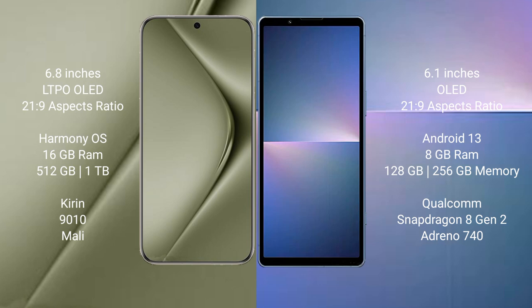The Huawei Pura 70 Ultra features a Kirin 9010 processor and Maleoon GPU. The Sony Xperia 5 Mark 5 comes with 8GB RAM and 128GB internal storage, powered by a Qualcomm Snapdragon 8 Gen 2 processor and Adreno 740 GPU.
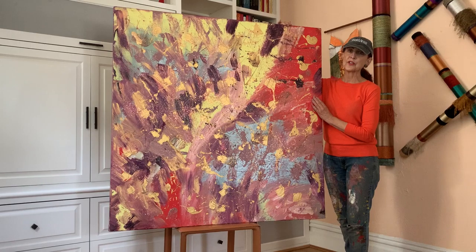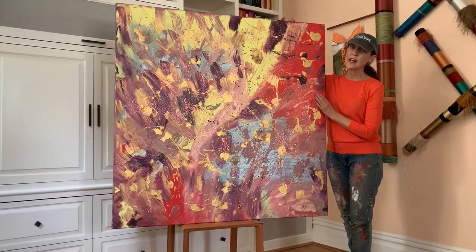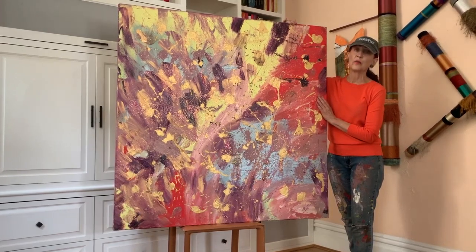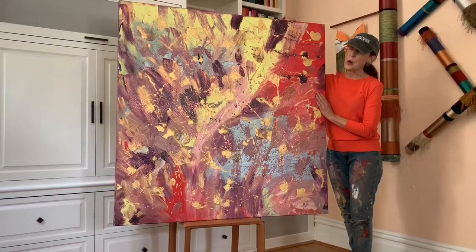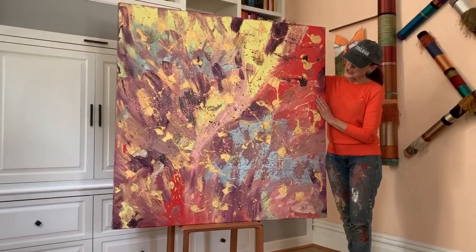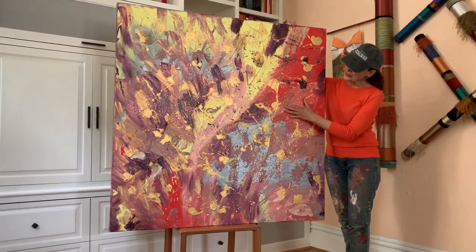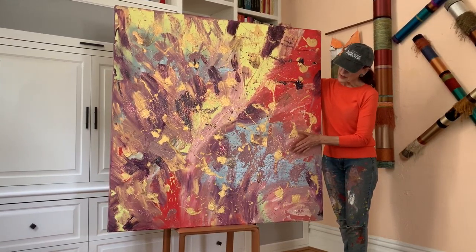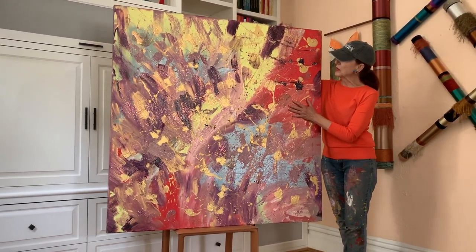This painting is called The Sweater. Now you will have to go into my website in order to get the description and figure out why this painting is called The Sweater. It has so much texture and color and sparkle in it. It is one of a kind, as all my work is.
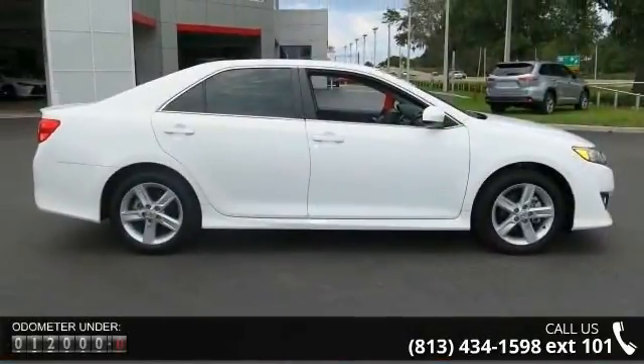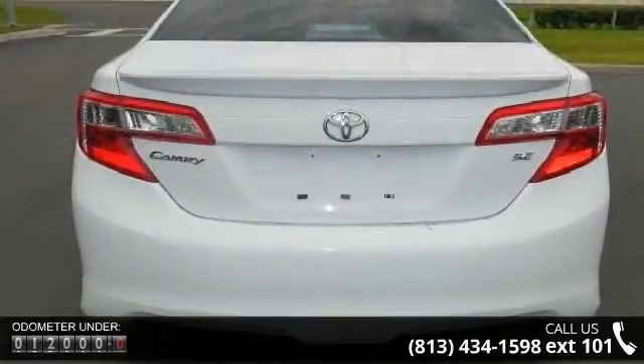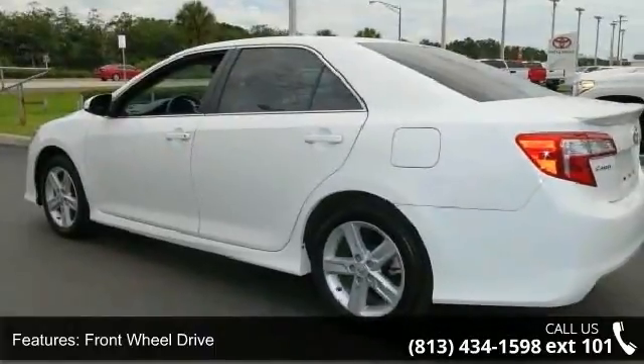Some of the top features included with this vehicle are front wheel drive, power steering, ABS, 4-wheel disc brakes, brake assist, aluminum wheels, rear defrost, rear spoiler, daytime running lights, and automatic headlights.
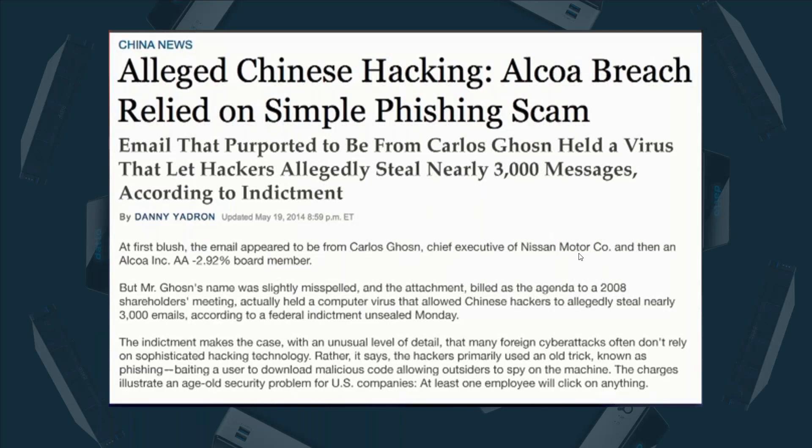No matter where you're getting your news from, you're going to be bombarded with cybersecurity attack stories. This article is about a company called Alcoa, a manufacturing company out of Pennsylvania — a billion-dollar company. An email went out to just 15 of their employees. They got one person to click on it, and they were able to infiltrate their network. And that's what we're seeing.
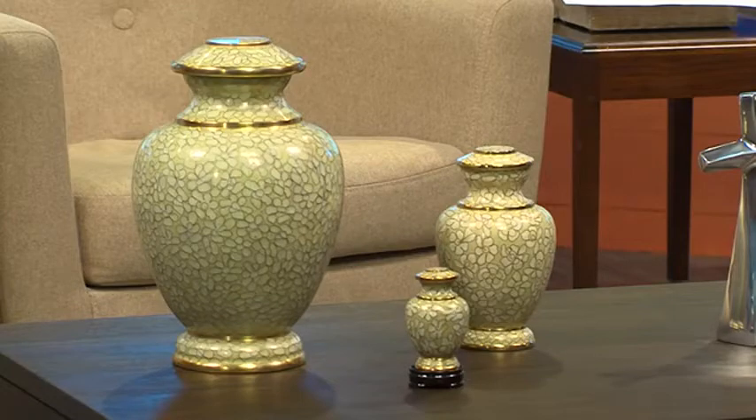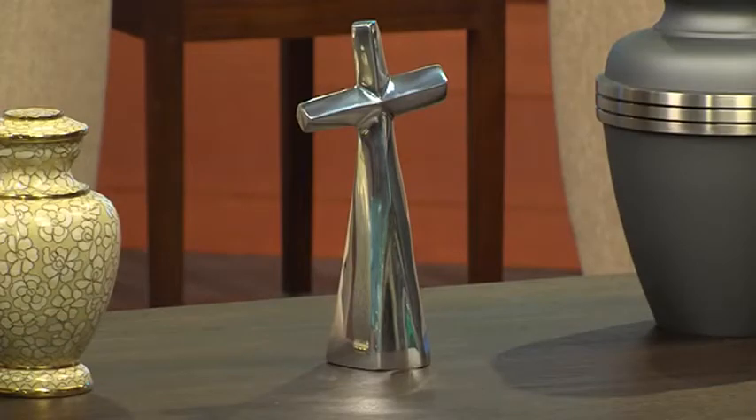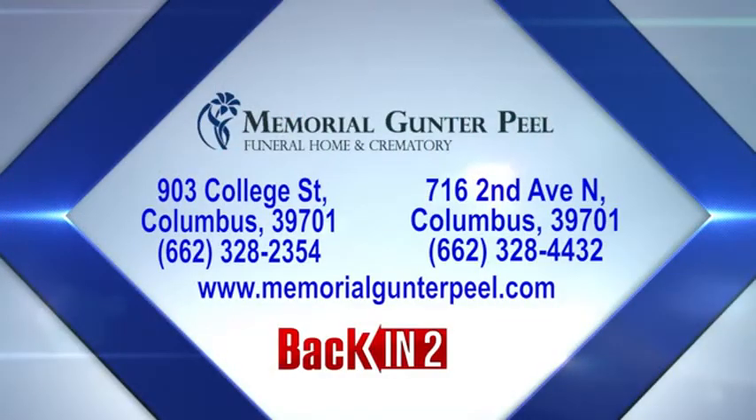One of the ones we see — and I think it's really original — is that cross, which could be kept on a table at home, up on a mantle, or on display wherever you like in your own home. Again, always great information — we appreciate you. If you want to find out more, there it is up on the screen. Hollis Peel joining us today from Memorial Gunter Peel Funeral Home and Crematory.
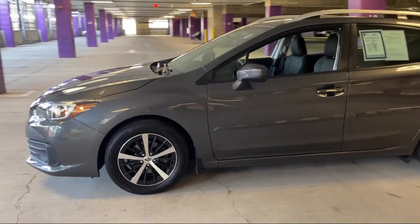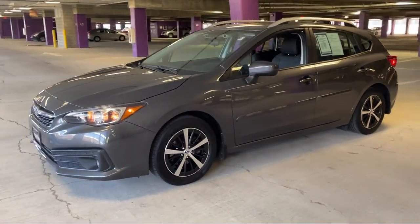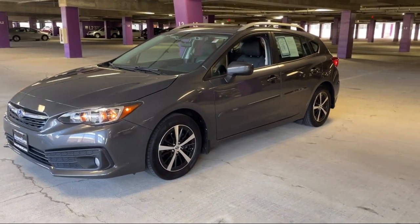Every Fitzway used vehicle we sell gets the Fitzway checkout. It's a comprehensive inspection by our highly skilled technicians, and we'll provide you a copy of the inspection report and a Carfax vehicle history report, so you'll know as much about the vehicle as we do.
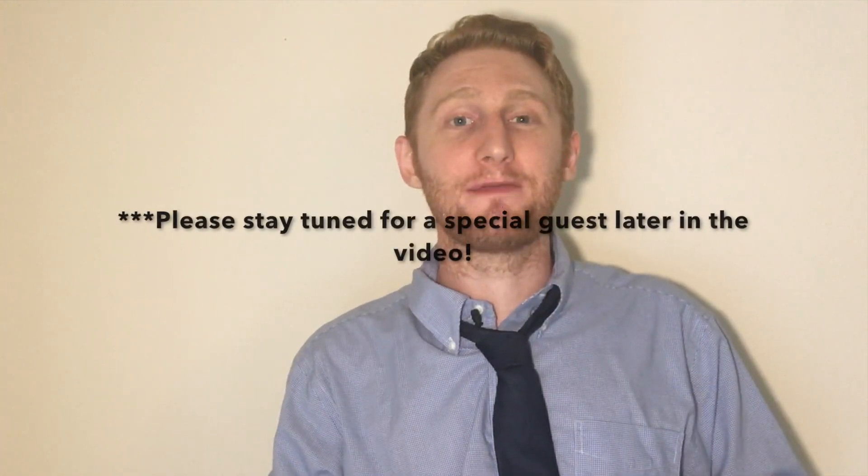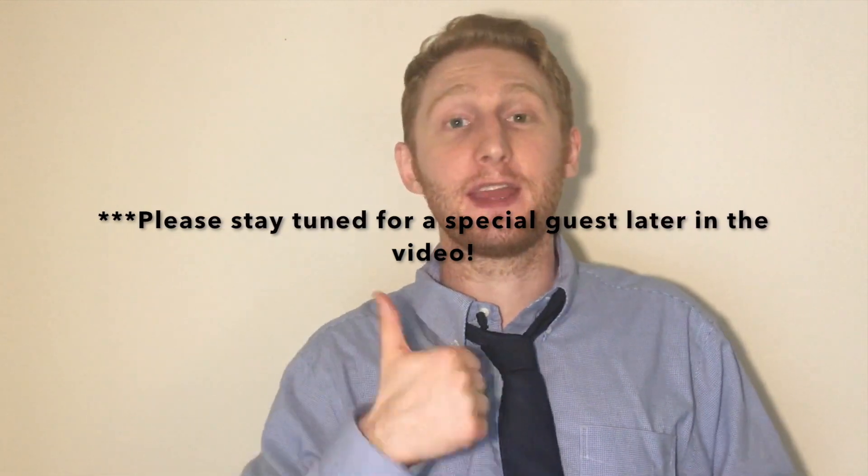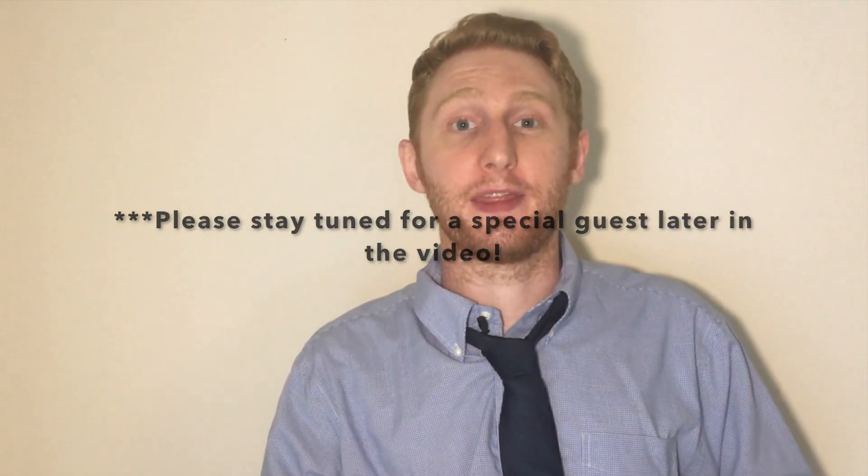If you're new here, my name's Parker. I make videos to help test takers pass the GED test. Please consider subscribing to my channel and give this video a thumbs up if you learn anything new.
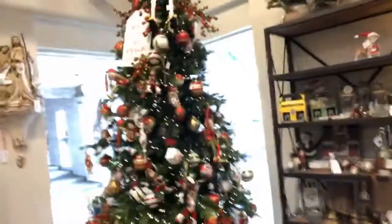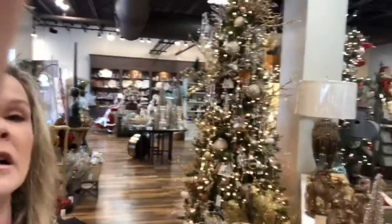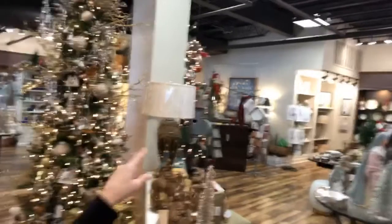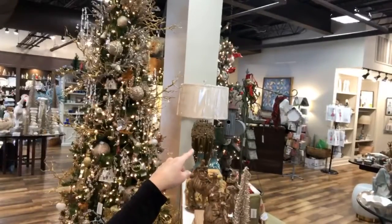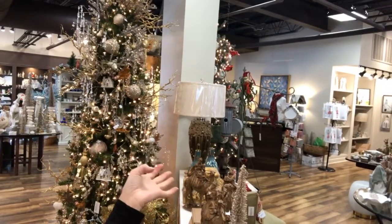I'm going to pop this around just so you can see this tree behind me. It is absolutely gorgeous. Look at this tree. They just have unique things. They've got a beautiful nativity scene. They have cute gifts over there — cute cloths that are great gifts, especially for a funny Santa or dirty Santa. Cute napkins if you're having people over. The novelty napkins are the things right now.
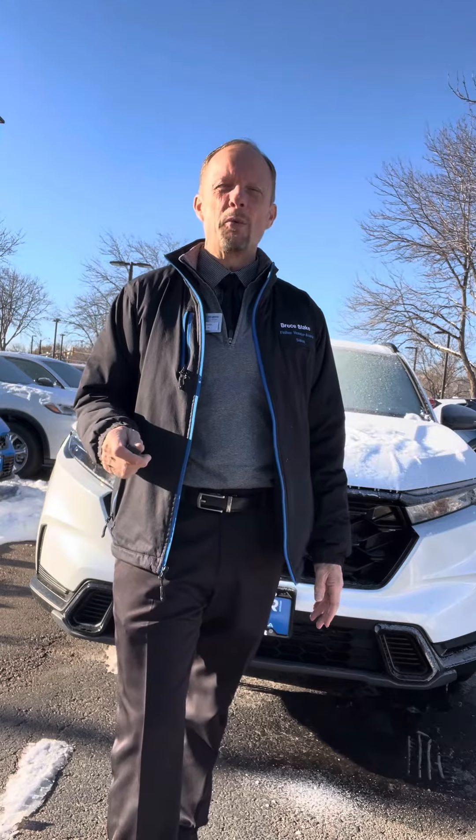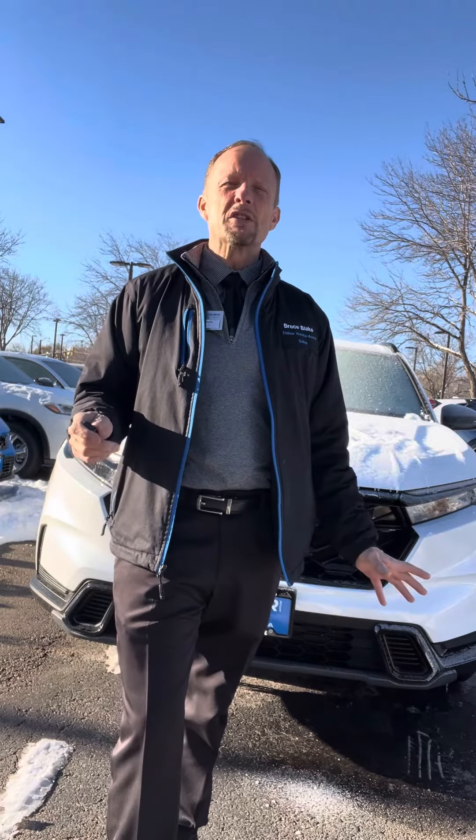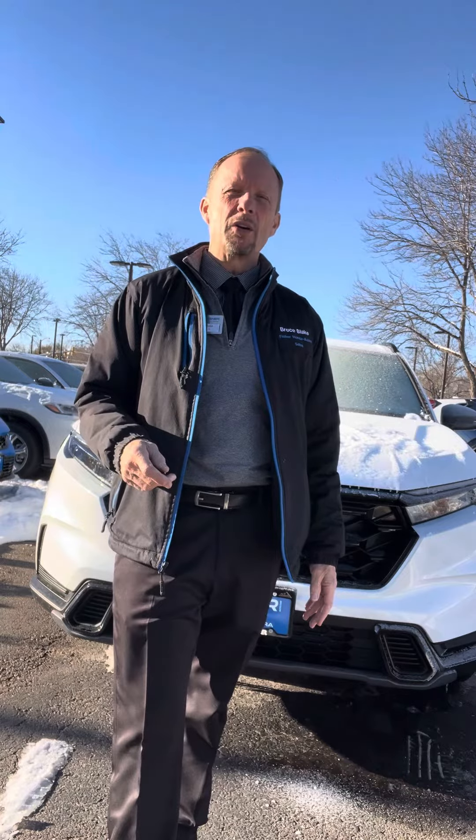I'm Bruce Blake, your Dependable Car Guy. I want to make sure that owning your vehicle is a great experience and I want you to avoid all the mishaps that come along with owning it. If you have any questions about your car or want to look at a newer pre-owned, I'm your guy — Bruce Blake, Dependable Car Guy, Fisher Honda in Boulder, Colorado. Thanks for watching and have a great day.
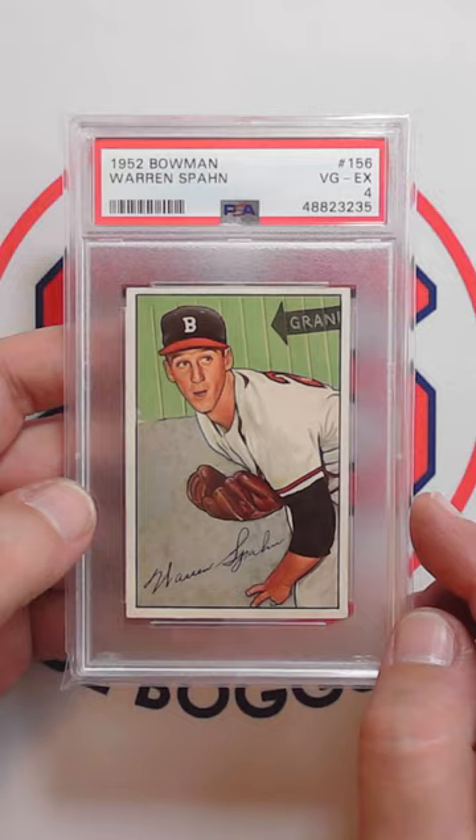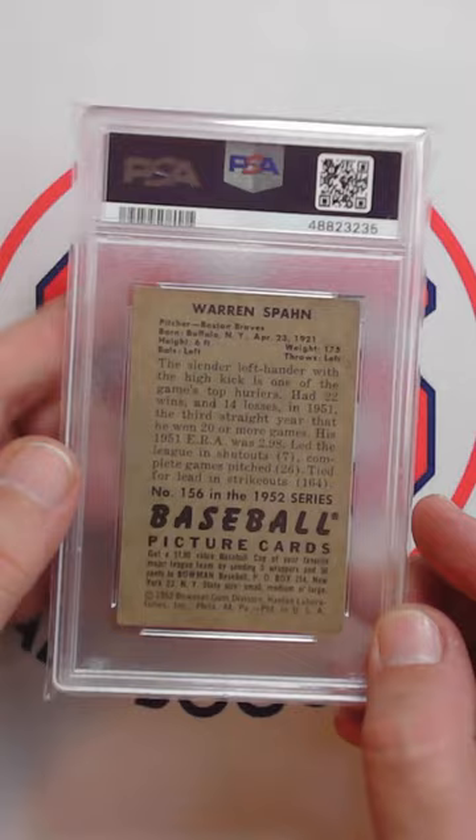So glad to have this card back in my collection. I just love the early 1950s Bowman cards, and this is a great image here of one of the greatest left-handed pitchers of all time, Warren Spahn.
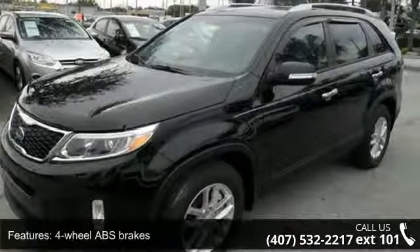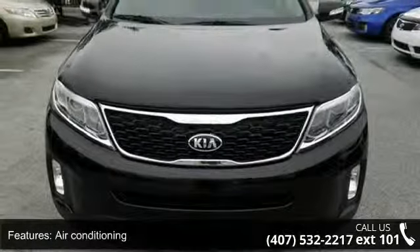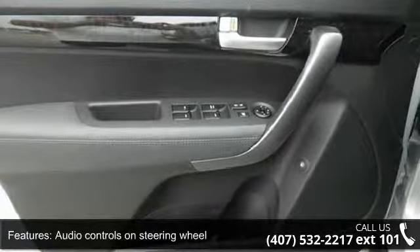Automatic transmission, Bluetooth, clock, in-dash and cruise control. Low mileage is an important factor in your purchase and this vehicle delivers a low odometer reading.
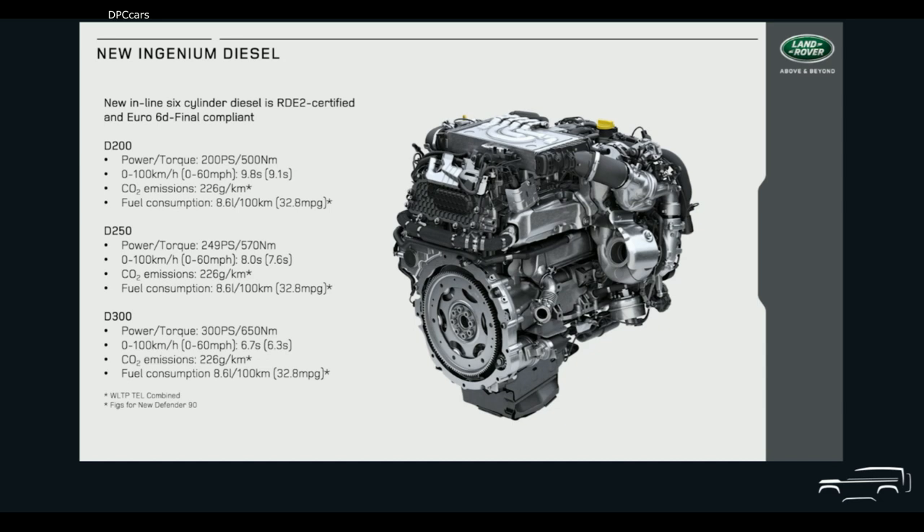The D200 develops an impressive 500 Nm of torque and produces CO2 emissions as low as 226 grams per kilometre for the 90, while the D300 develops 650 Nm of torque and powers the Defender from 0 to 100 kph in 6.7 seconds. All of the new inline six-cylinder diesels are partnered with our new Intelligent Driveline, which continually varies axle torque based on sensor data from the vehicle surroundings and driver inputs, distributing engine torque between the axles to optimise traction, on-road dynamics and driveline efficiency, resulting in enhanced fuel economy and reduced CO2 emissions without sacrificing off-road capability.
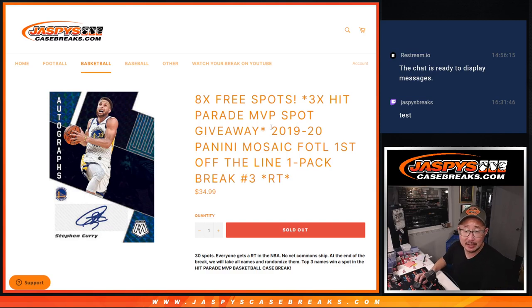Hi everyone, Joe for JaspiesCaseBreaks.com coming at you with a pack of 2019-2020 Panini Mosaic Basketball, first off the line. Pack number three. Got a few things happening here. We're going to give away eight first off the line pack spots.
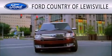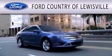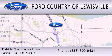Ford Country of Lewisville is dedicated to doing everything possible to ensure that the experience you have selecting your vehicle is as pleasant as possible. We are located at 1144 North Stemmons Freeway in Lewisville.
◆ ◆ ◆ ◆ ◆ ◆ ◆
### YOUR OBJECTIVE
Output the full listing verbatim, but drop the images.

### TASK OUTPUT
The Huawei Pura 70 Ultra features a Kirin 9010 processor and Maleoon GPU. The Sony Xperia 5 Mark 5 comes with 8GB RAM and 128GB internal storage, powered by a Qualcomm Snapdragon 8 Gen 2 processor and Adreno 740 GPU.
This painting is called The Sweater. Now you will have to go into my website in order to get the description and figure out why this painting is called The Sweater. It has so much texture and color and sparkle in it. It is one of a kind, as all my work is.
Some of the top features included with this vehicle are front wheel drive, power steering, ABS, 4-wheel disc brakes, brake assist, aluminum wheels, rear defrost, rear spoiler, daytime running lights, and automatic headlights.
No matter where you're getting your news from, you're going to be bombarded with cybersecurity attack stories. This article is about a company called Alcoa, a manufacturing company out of Pennsylvania — a billion-dollar company. An email went out to just 15 of their employees. They got one person to click on it, and they were able to infiltrate their network. And that's what we're seeing.
One of the ones we see — and I think it's really original — is that cross, which could be kept on a table at home, up on a mantle, or on display wherever you like in your own home. Again, always great information — we appreciate you. If you want to find out more, there it is up on the screen. Hollis Peel joining us today from Memorial Gunter Peel Funeral Home and Crematory.
Every Fitzway used vehicle we sell gets the Fitzway checkout. It's a comprehensive inspection by our highly skilled technicians, and we'll provide you a copy of the inspection report and a Carfax vehicle history report, so you'll know as much about the vehicle as we do.
If you're new here, my name's Parker. I make videos to help test takers pass the GED test. Please consider subscribing to my channel and give this video a thumbs up if you learn anything new.
I'm going to pop this around just so you can see this tree behind me. It is absolutely gorgeous. Look at this tree. They just have unique things. They've got a beautiful nativity scene. They have cute gifts over there — cute cloths that are great gifts, especially for a funny Santa or dirty Santa. Cute napkins if you're having people over. The novelty napkins are the things right now.
I'm Bruce Blake, your Dependable Car Guy. I want to make sure that owning your vehicle is a great experience and I want you to avoid all the mishaps that come along with owning it. If you have any questions about your car or want to look at a newer pre-owned, I'm your guy — Bruce Blake, Dependable Car Guy, Fisher Honda in Boulder, Colorado. Thanks for watching and have a great day.
So glad to have this card back in my collection. I just love the early 1950s Bowman cards, and this is a great image here of one of the greatest left-handed pitchers of all time, Warren Spahn.
Automatic transmission, Bluetooth, clock, in-dash and cruise control. Low mileage is an important factor in your purchase and this vehicle delivers a low odometer reading.
The D200 develops an impressive 500 Nm of torque and produces CO2 emissions as low as 226 grams per kilometre for the 90, while the D300 develops 650 Nm of torque and powers the Defender from 0 to 100 kph in 6.7 seconds. All of the new inline six-cylinder diesels are partnered with our new Intelligent Driveline, which continually varies axle torque based on sensor data from the vehicle surroundings and driver inputs, distributing engine torque between the axles to optimise traction, on-road dynamics and driveline efficiency, resulting in enhanced fuel economy and reduced CO2 emissions without sacrificing off-road capability.
Hi everyone, Joe for JaspiesCaseBreaks.com coming at you with a pack of 2019-2020 Panini Mosaic Basketball, first off the line. Pack number three. Got a few things happening here. We're going to give away eight first off the line pack spots.
Ford Country of Lewisville is dedicated to doing everything possible to ensure that the experience you have selecting your vehicle is as pleasant as possible. We are located at 1144 North Stemmons Freeway in Lewisville.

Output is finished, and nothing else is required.